Malheur! Ah! funeste sort. Tu sais quoi? Le camion, en s'engageant dans la trouée, l'a obstruée entièrement. Il m'est impossible d'entrer dans le gymnase. J'attrape le rebord du plateau, m'y hisse. La paroi de la cabine est un obstacle tout aussi infranchissable. Par la lucarne dont le verre s'est brisé, je distingue un nuage de vapeur, à cause du radiateur éclaté. Béru n'a pas de mal. Il s'évertue comme un régiment de Cosaques dans l'antichambre d'un bordel pour tenter d'ouvrir sa portière, mais elle est bloquée par le mur. Il est là, l'Enfoiré, fiché dans le gymnase comme un robinet dans la bonde d'un tonneau.
— Recule! hurlé-je. Mais recule donc, Sac à Merde!
— Et mon cul! glapit l'Auroch, à demi asphyxié par la vapeur et la poussière. Tu croives qu'y marche encore, c' moulin, après une pétée pareille!
Soudain, le calme me revient!
— Calmos, Gros! Derrière les sièges, j'aperçois des outils! Essaie de me filer une pioche par la lucarne.
— Et comment veux-tu qu'é passe, fleur de mes couilles!

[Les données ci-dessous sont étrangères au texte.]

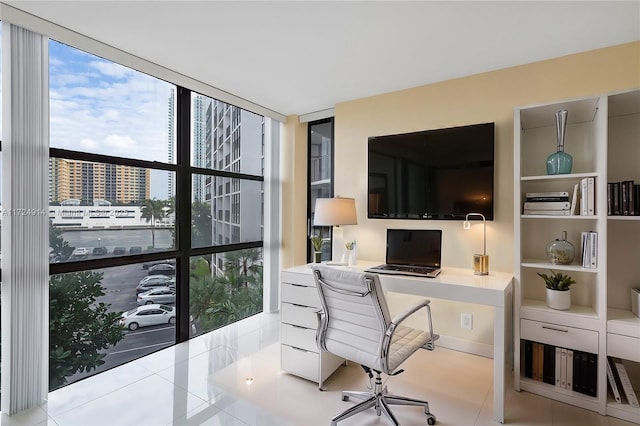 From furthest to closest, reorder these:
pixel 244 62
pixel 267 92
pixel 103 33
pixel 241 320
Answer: pixel 241 320 < pixel 267 92 < pixel 244 62 < pixel 103 33

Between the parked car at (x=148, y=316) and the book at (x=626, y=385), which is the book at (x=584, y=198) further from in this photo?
the parked car at (x=148, y=316)

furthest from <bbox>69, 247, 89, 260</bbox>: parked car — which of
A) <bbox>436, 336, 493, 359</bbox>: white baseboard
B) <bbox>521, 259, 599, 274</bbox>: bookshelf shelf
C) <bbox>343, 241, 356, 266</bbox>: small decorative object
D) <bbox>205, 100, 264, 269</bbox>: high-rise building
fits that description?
<bbox>521, 259, 599, 274</bbox>: bookshelf shelf

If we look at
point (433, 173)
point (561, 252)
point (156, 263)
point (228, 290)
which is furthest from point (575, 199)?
point (156, 263)

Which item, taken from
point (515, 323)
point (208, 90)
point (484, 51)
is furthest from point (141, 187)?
point (515, 323)

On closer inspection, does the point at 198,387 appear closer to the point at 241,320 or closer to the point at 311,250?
the point at 241,320

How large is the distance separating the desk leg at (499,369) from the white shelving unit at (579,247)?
0.42m

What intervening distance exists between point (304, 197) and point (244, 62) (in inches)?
73.1

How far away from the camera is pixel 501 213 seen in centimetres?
263

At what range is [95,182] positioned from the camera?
2395 mm

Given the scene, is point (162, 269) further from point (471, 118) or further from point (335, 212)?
point (471, 118)

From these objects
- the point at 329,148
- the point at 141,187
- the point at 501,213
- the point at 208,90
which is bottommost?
the point at 501,213

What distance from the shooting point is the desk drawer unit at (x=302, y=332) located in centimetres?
229

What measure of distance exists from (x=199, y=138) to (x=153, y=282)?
1.42m

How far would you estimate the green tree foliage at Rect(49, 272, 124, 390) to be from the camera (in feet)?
7.21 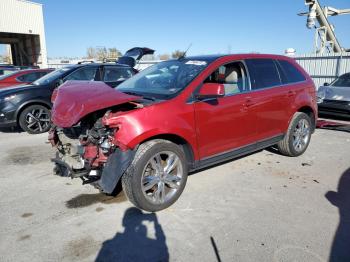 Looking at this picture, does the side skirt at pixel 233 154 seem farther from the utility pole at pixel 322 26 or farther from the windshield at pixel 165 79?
the utility pole at pixel 322 26

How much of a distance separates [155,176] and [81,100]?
1.19m

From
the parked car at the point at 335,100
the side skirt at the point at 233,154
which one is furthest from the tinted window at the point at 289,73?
the parked car at the point at 335,100

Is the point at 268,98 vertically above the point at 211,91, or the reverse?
the point at 211,91

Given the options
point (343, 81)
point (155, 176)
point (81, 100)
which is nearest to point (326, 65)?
point (343, 81)

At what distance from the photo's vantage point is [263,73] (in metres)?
4.82

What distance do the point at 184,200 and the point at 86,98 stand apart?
1709mm

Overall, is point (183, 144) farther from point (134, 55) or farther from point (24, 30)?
point (24, 30)

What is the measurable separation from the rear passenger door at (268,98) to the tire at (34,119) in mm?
5325

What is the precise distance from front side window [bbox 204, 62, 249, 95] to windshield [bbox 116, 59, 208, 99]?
335 mm

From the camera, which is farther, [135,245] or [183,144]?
[183,144]

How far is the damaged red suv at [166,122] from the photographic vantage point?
3318 mm

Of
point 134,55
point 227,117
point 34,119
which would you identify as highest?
point 134,55

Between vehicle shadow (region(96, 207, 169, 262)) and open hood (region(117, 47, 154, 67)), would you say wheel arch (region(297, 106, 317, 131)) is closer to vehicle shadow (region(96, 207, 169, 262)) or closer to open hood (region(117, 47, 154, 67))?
vehicle shadow (region(96, 207, 169, 262))

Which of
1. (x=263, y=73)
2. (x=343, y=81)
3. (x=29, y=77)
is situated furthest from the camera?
(x=29, y=77) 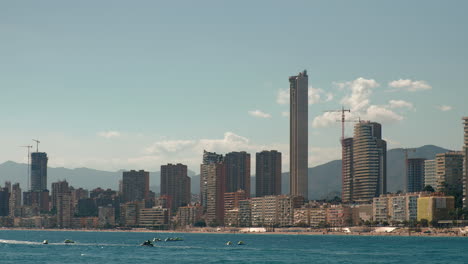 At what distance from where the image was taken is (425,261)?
199 m

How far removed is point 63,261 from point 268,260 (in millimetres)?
45220

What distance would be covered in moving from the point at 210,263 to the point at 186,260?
10.5 meters

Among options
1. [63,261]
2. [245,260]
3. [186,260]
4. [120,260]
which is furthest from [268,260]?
[63,261]

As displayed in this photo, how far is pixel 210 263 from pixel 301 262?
20.3m

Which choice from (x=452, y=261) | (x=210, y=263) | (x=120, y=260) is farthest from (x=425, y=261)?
A: (x=120, y=260)

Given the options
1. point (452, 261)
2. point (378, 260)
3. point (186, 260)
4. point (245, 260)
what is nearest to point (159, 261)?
point (186, 260)

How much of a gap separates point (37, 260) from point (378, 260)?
76.3 metres

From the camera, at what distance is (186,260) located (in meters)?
198

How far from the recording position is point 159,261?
19388cm

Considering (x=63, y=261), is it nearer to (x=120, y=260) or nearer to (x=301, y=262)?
(x=120, y=260)

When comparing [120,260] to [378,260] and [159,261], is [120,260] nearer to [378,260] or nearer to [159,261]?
[159,261]

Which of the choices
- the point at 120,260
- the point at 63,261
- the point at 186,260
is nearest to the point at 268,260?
the point at 186,260

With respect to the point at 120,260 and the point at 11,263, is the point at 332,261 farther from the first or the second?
the point at 11,263

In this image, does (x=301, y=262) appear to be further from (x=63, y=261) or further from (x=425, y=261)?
(x=63, y=261) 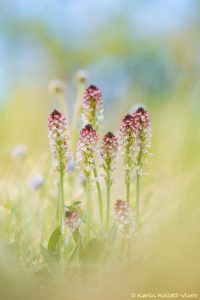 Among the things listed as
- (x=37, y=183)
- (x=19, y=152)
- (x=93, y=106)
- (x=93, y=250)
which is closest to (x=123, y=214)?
(x=93, y=250)

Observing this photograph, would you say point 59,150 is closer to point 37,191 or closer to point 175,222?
point 175,222

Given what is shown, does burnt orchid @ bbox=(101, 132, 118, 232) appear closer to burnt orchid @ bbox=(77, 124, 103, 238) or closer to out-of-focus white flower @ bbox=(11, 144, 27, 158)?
burnt orchid @ bbox=(77, 124, 103, 238)

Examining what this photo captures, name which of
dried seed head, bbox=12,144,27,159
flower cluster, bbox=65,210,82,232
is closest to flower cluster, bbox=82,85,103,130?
flower cluster, bbox=65,210,82,232

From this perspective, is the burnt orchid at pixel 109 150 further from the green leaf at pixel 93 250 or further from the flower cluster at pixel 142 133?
the green leaf at pixel 93 250

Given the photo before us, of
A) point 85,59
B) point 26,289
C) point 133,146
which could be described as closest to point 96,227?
point 133,146

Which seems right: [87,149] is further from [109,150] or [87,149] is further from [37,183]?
[37,183]

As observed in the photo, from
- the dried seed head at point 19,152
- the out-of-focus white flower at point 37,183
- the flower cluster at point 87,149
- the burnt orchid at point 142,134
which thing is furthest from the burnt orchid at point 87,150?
the dried seed head at point 19,152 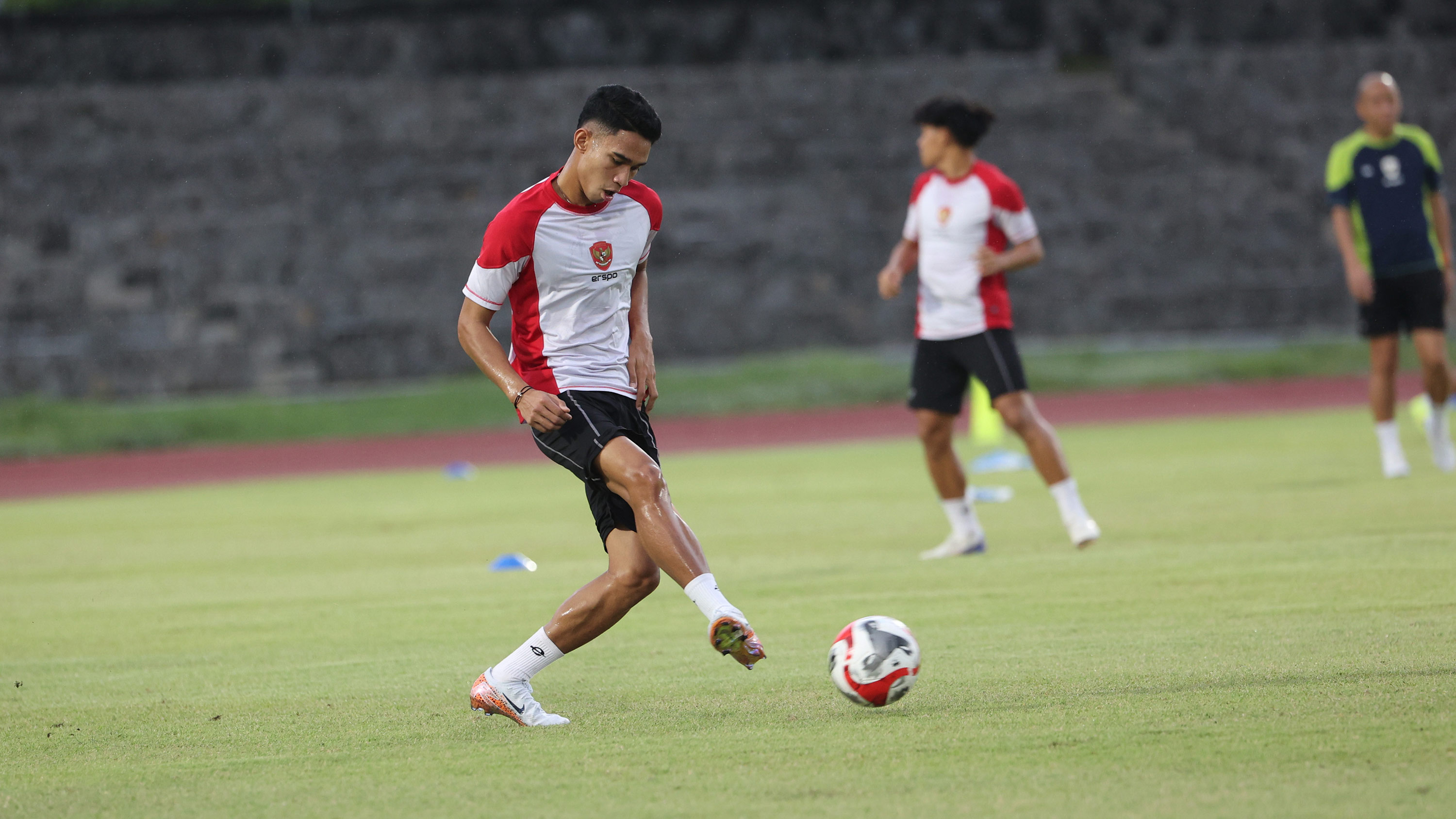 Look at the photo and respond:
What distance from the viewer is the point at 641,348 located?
218 inches

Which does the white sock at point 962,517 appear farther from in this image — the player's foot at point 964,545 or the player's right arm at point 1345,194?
the player's right arm at point 1345,194

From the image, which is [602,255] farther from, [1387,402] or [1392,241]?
[1387,402]

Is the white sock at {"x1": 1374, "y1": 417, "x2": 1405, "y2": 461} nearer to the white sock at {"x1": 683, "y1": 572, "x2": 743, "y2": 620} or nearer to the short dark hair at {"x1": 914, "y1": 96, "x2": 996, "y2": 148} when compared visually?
the short dark hair at {"x1": 914, "y1": 96, "x2": 996, "y2": 148}

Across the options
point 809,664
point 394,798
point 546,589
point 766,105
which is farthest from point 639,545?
point 766,105

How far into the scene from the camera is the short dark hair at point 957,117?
864cm

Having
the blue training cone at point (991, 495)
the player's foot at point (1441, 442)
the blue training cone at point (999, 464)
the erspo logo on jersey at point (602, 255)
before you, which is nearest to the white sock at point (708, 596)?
the erspo logo on jersey at point (602, 255)

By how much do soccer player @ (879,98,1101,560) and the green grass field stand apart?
0.48m

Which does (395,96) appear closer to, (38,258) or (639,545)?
(38,258)

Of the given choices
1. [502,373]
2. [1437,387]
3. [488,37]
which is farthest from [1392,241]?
[488,37]

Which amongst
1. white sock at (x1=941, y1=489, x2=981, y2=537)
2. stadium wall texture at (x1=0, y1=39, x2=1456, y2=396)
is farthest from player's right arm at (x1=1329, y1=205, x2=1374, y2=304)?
stadium wall texture at (x1=0, y1=39, x2=1456, y2=396)

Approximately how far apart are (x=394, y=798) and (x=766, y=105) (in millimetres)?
22040

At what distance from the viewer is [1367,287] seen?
10.2m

Mais mon renseignement n'est pas tombé dans l'oreille de Beethoven! Il empare l'outil désigné pour, tant mal que bien, démanteler le cadre du pare-brise. Moi, toujours, guette-au-trou, j'essaie de mater l'intérieur du gymnase. Qu'aperçois-je? Une vaste pièce comportant des portiques, des chevaux d'arçon, des barres parallèles, des anneaux, des trapèzes et autres instruments propres à la musculation d'un individu décidé à se constituer un capital biceps. Dans le fond du gymnase se trouvent deux portes. L'endroit n'est éclairé que par la clarté tombant de la verrière et qui provient du maigre éclairage de la rue. L'une des portes du fond vient de s'ouvrir et deux personnages accourent vers le lieu de «l'accident»: un homme blond et grand, vêtu d'un training rouge et une fille superbe, dans les roux vénitiens, portant un jean noir et un sweater vert.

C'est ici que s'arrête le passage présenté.